Data entries:
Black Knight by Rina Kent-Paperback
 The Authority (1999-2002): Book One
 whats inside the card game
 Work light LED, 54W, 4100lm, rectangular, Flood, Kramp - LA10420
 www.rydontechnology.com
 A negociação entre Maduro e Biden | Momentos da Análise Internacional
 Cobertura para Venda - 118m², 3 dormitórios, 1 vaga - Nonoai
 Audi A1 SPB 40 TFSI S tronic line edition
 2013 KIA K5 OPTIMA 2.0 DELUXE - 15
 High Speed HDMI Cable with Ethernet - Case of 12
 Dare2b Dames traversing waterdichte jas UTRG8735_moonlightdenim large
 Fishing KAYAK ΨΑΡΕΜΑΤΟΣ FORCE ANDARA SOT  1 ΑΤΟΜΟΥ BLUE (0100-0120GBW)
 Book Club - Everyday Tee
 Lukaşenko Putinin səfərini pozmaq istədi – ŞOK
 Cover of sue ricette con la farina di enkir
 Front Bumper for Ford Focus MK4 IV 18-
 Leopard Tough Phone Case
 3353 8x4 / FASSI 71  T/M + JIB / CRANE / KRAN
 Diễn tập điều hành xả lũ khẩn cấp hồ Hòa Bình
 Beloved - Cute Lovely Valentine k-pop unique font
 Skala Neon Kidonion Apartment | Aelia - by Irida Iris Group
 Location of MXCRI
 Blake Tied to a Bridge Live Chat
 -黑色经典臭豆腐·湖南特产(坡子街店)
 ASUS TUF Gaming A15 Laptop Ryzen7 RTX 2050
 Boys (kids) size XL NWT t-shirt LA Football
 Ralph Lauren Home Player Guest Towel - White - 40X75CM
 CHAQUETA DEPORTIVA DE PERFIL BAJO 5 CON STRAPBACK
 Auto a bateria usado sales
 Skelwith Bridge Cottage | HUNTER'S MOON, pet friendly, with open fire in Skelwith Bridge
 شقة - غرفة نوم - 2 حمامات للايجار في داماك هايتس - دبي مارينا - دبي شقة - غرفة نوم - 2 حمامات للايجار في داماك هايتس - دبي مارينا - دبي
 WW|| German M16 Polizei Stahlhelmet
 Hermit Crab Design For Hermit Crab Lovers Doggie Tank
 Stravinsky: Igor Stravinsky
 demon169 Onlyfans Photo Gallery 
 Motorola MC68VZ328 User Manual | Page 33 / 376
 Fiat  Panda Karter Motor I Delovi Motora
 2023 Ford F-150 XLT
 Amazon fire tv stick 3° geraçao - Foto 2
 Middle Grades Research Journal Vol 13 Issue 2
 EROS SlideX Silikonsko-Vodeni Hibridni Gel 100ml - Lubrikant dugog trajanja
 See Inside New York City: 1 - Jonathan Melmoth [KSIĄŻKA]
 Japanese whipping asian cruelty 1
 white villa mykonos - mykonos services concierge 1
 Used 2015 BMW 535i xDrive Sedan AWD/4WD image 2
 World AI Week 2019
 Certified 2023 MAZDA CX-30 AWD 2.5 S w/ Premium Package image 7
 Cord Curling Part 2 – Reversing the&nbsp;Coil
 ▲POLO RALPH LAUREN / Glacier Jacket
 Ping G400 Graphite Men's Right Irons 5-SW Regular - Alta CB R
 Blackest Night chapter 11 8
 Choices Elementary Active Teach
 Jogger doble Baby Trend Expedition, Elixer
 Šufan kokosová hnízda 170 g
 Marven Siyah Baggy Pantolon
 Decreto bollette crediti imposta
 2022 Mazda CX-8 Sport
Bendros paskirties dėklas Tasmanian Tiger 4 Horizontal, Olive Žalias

**Work to complete**
Output the records verbatim, from the first line to the last.

**Reply**
Black Knight by Rina Kent-Paperback
 The Authority (1999-2002): Book One
 whats inside the card game
 Work light LED, 54W, 4100lm, rectangular, Flood, Kramp - LA10420
 www.rydontechnology.com
 A negociação entre Maduro e Biden | Momentos da Análise Internacional
 Cobertura para Venda - 118m², 3 dormitórios, 1 vaga - Nonoai
 Audi A1 SPB 40 TFSI S tronic line edition
 2013 KIA K5 OPTIMA 2.0 DELUXE - 15
 High Speed HDMI Cable with Ethernet - Case of 12
 Dare2b Dames traversing waterdichte jas UTRG8735_moonlightdenim large
 Fishing KAYAK ΨΑΡΕΜΑΤΟΣ FORCE ANDARA SOT  1 ΑΤΟΜΟΥ BLUE (0100-0120GBW)
 Book Club - Everyday Tee
 Lukaşenko Putinin səfərini pozmaq istədi – ŞOK
 Cover of sue ricette con la farina di enkir
 Front Bumper for Ford Focus MK4 IV 18-
 Leopard Tough Phone Case
 3353 8x4 / FASSI 71  T/M + JIB / CRANE / KRAN
 Diễn tập điều hành xả lũ khẩn cấp hồ Hòa Bình
 Beloved - Cute Lovely Valentine k-pop unique font
 Skala Neon Kidonion Apartment | Aelia - by Irida Iris Group
 Location of MXCRI
 Blake Tied to a Bridge Live Chat
 -黑色经典臭豆腐·湖南特产(坡子街店)
 ASUS TUF Gaming A15 Laptop Ryzen7 RTX 2050
 Boys (kids) size XL NWT t-shirt LA Football
 Ralph Lauren Home Player Guest Towel - White - 40X75CM
 CHAQUETA DEPORTIVA DE PERFIL BAJO 5 CON STRAPBACK
 Auto a bateria usado sales
 Skelwith Bridge Cottage | HUNTER'S MOON, pet friendly, with open fire in Skelwith Bridge
 شقة - غرفة نوم - 2 حمامات للايجار في داماك هايتس - دبي مارينا - دبي شقة - غرفة نوم - 2 حمامات للايجار في داماك هايتس - دبي مارينا - دبي
 WW|| German M16 Polizei Stahlhelmet
 Hermit Crab Design For Hermit Crab Lovers Doggie Tank
 Stravinsky: Igor Stravinsky
 demon169 Onlyfans Photo Gallery 
 Motorola MC68VZ328 User Manual | Page 33 / 376
 Fiat  Panda Karter Motor I Delovi Motora
 2023 Ford F-150 XLT
 Amazon fire tv stick 3° geraçao - Foto 2
 Middle Grades Research Journal Vol 13 Issue 2
 EROS SlideX Silikonsko-Vodeni Hibridni Gel 100ml - Lubrikant dugog trajanja
 See Inside New York City: 1 - Jonathan Melmoth [KSIĄŻKA]
 Japanese whipping asian cruelty 1
 white villa mykonos - mykonos services concierge 1
 Used 2015 BMW 535i xDrive Sedan AWD/4WD image 2
 World AI Week 2019
 Certified 2023 MAZDA CX-30 AWD 2.5 S w/ Premium Package image 7
 Cord Curling Part 2 – Reversing the&nbsp;Coil
 ▲POLO RALPH LAUREN / Glacier Jacket
 Ping G400 Graphite Men's Right Irons 5-SW Regular - Alta CB R
 Blackest Night chapter 11 8
 Choices Elementary Active Teach
 Jogger doble Baby Trend Expedition, Elixer
 Šufan kokosová hnízda 170 g
 Marven Siyah Baggy Pantolon
 Decreto bollette crediti imposta
 2022 Mazda CX-8 Sport
Bendros paskirties dėklas Tasmanian Tiger 4 Horizontal, Olive Žalias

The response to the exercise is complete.